# "Ponies" of Fehr Ground Ranch



## LauraB (Nov 11, 2008)

Great pics, awesome view, and it sure does look cold there!


----------



## FGRanch (Feb 9, 2008)

Thanks! Yeah it is very cold here!! Almost record cold temperatures!!


----------



## booner (Aug 17, 2008)

loved the pics, they all look so fuzzy and cuddly!


----------



## RusticWildFire (Jul 6, 2008)

Beautiful pictures. I'm a little jealous!  hehe. You have some beautiful horses and a great view.


----------



## BeauReba (Jul 2, 2008)

Cute! I wonder if I drove past your farm on my way through Sundre last week.

I think it's hilarious how people think their horses are freezing in -5 weather so they put 3 blanekts on them and if you drive through Alberta you'll see hundreds of furry, happy, warm ponies.


----------



## mudypony (Jan 30, 2008)

They're all so georgous FGR!! I want them all, especially Calypso. Also, I'm jealous of your view. All I see when I look out the window is other houses.


----------



## JustDressageIt (Oct 4, 2007)

Ooh what great pictures!! Hate the freezing temps tho...


----------



## free_sprtd (Oct 18, 2007)

awww how fun!! great pics and you're so lucky to see that every time you open your door!


----------



## Cat (Jul 26, 2008)

Pretty pics!


----------



## FGRanch (Feb 9, 2008)

Booner, yep they are all pretty cuddly little brats!

Thanks Rustic!! They are some pretty awesome monsters.

Beau Reba if you went into Sundre, you were about 4 mins away from my house! Like I said before you are welcome to stop by anytime! Well I do blanket Dee, but only because she really is a wimp!! 
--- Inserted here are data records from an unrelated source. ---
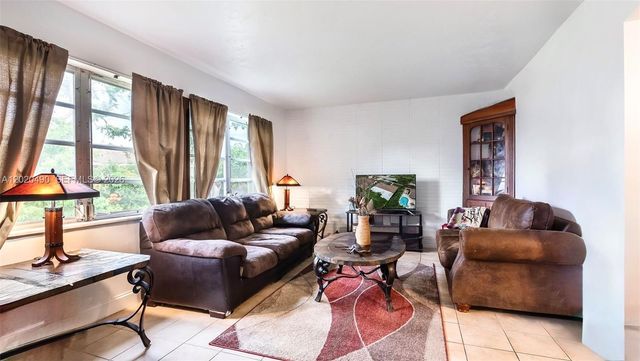 500 NW 96th Terrace, Pembroke Pines, FL 33024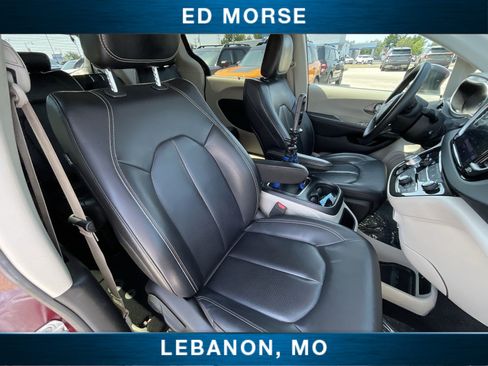 Used 2023 Chrysler Pacifica Touring-L FWD image 25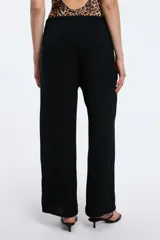 Pantalón de pierna recta confeccionado en suave viscosa con estampado animal print tipo cebra, cintura elastizada con lazo regulable.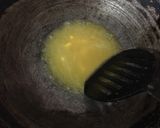 Foto langkah ke 2 dari resep Telur Goreng Mentega.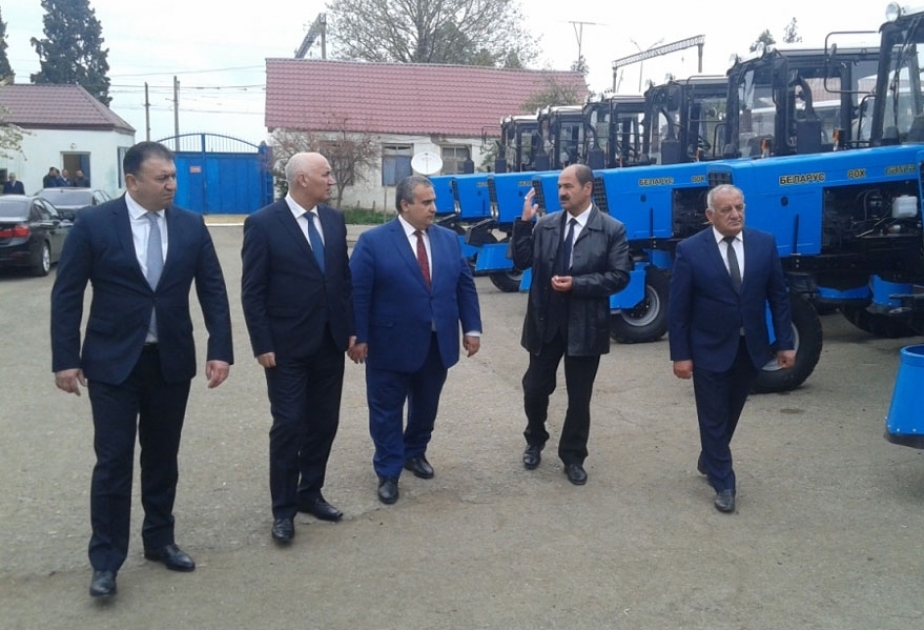 Gəncə Avtomobil Zavodu bu il “Aqrolizinq” ASC-yə 1000 traktor və 700 traktor qoşqusu təhvil verəcək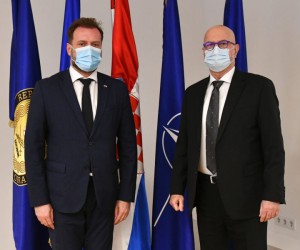 Zagreb, 10.02.2022. - Ministar obrane Mario Banožić sastao se u Ministarstvu obrane u Zagrebu s veleposlanikom Države Izrael Ilanom Morom.
foto HINA/ MORH/ T. Brandt/ ml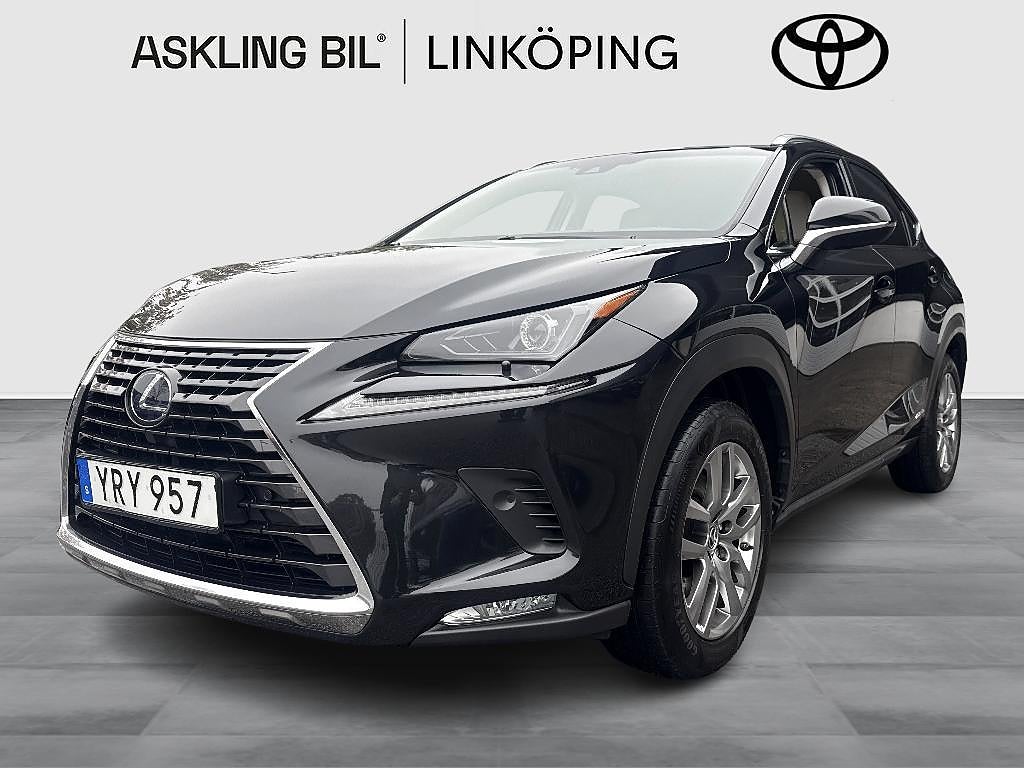 Lexus NX 2018 - bild 1 av 18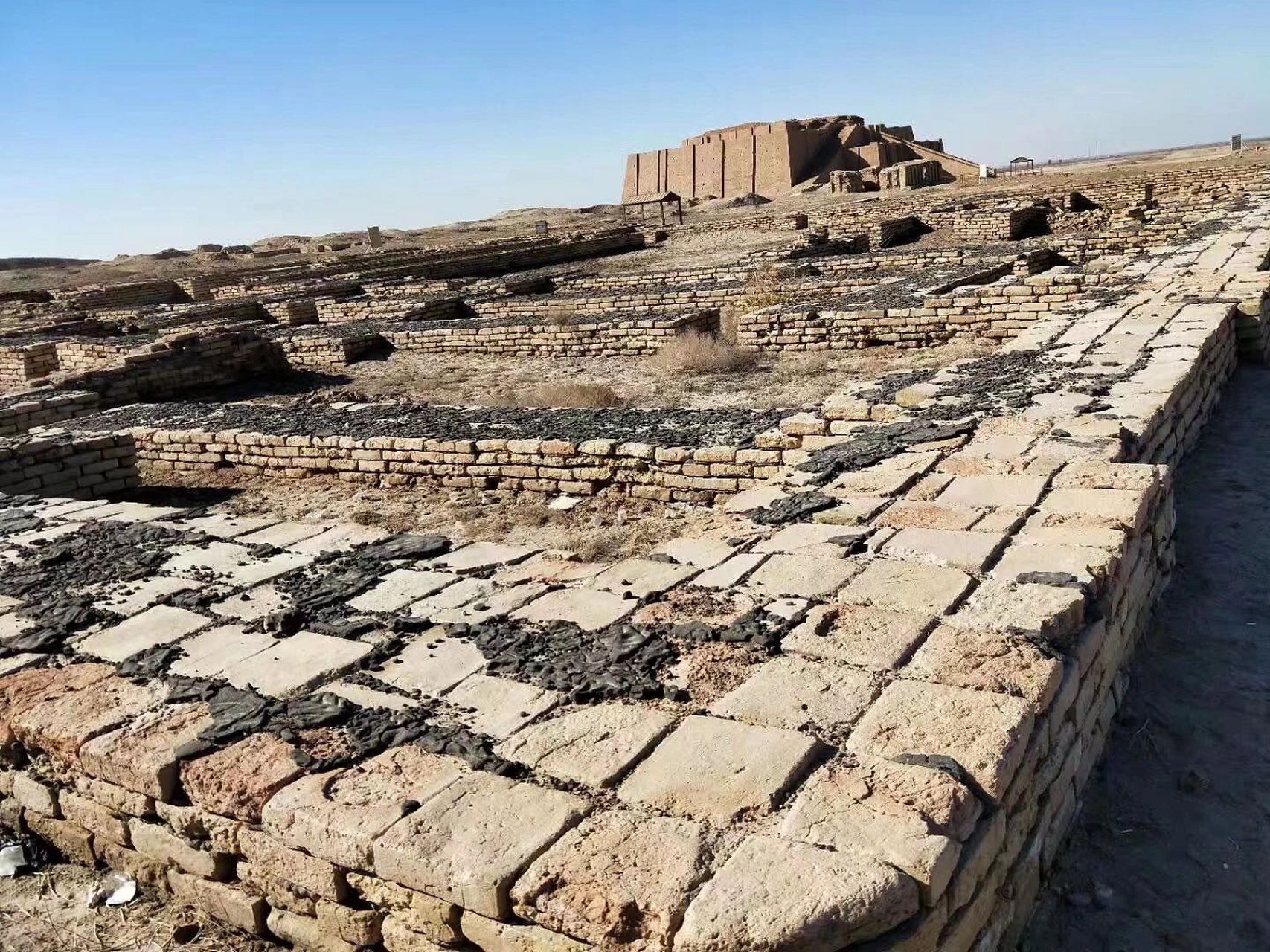 乌尔神塔(the ziggurat of ur)建于公元前21世纪,是乌尔第三王朝的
Mudpony Thanks very much! I certainly enjoy seeing that first thing in the morning.

Allie, thanks! But yes this weather can let up anytime now!

Thanks Free and Cat!


----------



## Colorado Dobes (Nov 12, 2008)

Beautiful.


----------



## FGRanch (Feb 9, 2008)

Thanks very much CD!


----------



## zanytactics (Sep 8, 2007)

I wish we got some snow, That is awesome!!!!!


----------



## FGRanch (Feb 9, 2008)

I wish we didn't have any snow!!!


----------



## PoptartShop (Jul 25, 2010)

What a nice place!  Great piccies!! The horses look soo cute in the snow.


----------



## FGRanch (Feb 9, 2008)

Thanks Poptart! They do look cute in the snow but I think they look cuter when they are surronded by nice lush green grass!!!


----------



## missy06 (Apr 5, 2008)

Gorgeous horses and lovely photos. I'm in New Mexico right now and not looking forward to returning home to MI and all it's snow (though I do miss my big guy).


----------



## mlkarel2010 (Jan 27, 2008)

Pretty Canada. And I have a dumb question, but bear with me I've been gone. Is Kalypso Kelly's old mare? Or am I crazy?


----------



## FGRanch (Feb 9, 2008)

Missy I don't blame you, winter is NOT fun at all. 

Thanks MAK! Yep Calypso used to belong to Kelly, I am purchasing her.


----------



## Dumas'_Grrrl (Apr 2, 2008)

OK... got the Calypso question answered already....I just need to know when She is coming down to live with me???

Oh...and how is Dillon??? What's the update on the scaring?


----------



## Mike_User (Oct 24, 2006)

I am disgustingly jealous of life at the Fehr Ground Ranch! ;-) Beautiful pics, thanks for sharing!


----------